Prep Time: 3 minutes

Total Time: 3 minutes


  • 1/3 cup vegetable oil
  • 1 egg
  • 4 to 7 garlic cloves to taste
  • 1/2 cup spicy globe or lemon basil, tightly packed
  • 1/4 tsp dry mustard or 1 tsp Dijon-style mustard
  • 1 tbsp lemon juice or cider vinegar
  • Dash of sugar
  • Salt and pepper to taste
  • 2/3 cup olive oil


Place vegetable oil, egg, garlic, basil, mustard, lemon juice or vinegar, sugar, salt, and pepper in the bowl of a food processor fitted with the metal blade.
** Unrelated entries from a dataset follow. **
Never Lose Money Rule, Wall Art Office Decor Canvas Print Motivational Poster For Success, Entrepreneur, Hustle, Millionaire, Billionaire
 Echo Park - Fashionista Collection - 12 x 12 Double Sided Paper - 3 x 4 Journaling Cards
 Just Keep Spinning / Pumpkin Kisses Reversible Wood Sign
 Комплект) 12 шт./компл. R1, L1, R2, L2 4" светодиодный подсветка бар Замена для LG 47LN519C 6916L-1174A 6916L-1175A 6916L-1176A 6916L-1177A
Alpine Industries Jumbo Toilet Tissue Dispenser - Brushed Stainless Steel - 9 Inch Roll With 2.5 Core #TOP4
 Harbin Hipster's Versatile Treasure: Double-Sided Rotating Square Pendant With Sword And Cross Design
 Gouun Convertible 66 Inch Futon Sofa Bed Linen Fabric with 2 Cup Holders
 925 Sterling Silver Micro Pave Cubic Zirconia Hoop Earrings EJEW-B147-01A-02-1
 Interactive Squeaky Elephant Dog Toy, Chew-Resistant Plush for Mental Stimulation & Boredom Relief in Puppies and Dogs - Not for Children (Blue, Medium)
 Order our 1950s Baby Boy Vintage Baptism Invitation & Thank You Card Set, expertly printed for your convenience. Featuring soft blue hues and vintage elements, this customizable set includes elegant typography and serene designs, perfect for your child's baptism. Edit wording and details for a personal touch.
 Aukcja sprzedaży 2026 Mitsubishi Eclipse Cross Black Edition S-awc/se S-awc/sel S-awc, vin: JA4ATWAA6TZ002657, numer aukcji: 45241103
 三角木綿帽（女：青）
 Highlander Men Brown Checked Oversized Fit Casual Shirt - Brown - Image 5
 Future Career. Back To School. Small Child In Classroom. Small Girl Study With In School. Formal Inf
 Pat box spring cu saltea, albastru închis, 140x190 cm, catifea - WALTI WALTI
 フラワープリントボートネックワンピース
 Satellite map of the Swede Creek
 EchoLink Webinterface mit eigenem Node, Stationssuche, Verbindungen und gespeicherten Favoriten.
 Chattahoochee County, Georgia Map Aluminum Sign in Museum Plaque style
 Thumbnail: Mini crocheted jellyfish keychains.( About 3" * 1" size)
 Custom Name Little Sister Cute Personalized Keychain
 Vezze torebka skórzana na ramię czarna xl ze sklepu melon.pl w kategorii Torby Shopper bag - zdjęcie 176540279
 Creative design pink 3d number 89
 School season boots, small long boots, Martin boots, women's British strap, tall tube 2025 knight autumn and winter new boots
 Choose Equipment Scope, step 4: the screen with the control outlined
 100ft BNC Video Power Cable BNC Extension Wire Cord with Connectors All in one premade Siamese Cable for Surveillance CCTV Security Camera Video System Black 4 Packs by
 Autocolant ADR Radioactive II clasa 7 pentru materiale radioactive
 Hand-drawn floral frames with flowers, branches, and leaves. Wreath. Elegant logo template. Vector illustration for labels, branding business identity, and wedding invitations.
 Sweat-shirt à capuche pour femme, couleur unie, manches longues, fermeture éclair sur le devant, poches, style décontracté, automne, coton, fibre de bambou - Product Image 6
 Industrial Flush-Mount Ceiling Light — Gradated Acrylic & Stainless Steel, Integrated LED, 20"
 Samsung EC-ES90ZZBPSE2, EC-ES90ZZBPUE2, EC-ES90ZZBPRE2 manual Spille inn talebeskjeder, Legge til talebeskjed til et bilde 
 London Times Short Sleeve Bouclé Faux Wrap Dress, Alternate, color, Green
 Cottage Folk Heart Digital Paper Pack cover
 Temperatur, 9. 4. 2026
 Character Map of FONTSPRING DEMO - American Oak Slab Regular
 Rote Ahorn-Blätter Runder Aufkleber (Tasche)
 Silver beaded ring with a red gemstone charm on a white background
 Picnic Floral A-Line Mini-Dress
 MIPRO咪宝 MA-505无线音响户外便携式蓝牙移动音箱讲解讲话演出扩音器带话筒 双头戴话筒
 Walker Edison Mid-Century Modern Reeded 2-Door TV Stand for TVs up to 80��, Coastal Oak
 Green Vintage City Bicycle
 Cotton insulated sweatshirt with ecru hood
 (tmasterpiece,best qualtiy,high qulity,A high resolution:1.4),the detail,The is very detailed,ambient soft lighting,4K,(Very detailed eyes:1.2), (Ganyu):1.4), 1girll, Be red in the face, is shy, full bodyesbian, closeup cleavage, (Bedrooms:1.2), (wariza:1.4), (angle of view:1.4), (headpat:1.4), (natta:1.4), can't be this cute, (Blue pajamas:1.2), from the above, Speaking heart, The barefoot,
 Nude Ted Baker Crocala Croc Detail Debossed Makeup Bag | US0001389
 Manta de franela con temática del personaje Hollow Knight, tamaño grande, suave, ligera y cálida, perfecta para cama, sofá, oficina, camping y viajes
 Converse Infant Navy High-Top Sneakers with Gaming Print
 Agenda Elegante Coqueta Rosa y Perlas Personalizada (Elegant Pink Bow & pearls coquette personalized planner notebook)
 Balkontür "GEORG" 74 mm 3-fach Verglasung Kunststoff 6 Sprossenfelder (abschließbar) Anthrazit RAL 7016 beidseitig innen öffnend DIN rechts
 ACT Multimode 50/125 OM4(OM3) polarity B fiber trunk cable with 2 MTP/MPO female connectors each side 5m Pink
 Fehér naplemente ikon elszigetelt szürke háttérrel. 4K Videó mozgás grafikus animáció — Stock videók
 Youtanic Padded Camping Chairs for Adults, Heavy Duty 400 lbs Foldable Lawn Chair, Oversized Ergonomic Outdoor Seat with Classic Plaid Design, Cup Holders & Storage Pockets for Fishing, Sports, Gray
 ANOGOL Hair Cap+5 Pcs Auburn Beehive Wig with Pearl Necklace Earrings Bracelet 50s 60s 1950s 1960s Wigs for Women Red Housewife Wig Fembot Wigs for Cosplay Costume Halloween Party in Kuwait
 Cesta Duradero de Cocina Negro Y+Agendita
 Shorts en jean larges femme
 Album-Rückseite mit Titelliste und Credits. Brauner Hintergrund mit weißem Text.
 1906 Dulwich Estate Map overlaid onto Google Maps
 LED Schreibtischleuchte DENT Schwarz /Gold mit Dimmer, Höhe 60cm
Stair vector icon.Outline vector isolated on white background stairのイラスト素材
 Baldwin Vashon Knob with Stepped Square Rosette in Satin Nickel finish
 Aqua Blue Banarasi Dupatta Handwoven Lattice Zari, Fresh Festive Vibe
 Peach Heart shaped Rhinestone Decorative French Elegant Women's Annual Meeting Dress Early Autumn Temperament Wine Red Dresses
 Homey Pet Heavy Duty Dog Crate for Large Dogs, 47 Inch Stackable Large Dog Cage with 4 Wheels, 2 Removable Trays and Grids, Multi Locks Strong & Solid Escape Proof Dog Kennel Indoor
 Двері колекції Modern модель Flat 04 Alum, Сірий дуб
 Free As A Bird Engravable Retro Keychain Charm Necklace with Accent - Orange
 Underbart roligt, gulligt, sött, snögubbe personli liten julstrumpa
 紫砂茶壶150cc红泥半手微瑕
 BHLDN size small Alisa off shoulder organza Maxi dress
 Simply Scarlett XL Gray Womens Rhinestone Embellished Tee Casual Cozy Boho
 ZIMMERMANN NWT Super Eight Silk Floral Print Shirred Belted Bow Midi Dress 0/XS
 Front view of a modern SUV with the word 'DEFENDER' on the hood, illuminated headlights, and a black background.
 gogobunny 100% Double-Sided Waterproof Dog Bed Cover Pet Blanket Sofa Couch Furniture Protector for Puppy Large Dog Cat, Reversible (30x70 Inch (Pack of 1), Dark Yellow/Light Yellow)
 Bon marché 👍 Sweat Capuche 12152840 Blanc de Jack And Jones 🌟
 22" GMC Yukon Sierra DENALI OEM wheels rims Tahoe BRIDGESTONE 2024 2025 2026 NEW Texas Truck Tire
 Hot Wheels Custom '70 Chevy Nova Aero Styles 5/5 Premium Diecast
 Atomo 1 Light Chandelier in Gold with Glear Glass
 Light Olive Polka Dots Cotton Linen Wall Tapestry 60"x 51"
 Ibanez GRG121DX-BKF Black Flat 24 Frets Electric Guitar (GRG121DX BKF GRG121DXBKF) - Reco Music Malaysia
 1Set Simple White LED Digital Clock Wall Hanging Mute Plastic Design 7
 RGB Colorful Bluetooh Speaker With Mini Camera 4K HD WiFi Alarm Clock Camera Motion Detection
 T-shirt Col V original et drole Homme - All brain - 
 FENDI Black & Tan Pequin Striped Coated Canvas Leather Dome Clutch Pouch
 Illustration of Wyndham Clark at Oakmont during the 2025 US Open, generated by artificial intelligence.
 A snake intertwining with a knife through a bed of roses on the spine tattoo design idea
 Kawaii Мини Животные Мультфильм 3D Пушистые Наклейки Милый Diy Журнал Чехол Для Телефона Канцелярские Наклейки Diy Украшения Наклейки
Puree for 1 minute, stopping to scrape down sides.

With the motor running, drizzle olive oil down the chute in a slow but steady stream. Stop as soon as the olive oil has been incorporated and mixture is thick and emulsified. Do not over-process or it will separate. Add 1 teaspoon of very hot water, pulsing several times to blend in. (This will help stabilize the mayonnaise.)

Refrigerate leftovers and use within 7 days.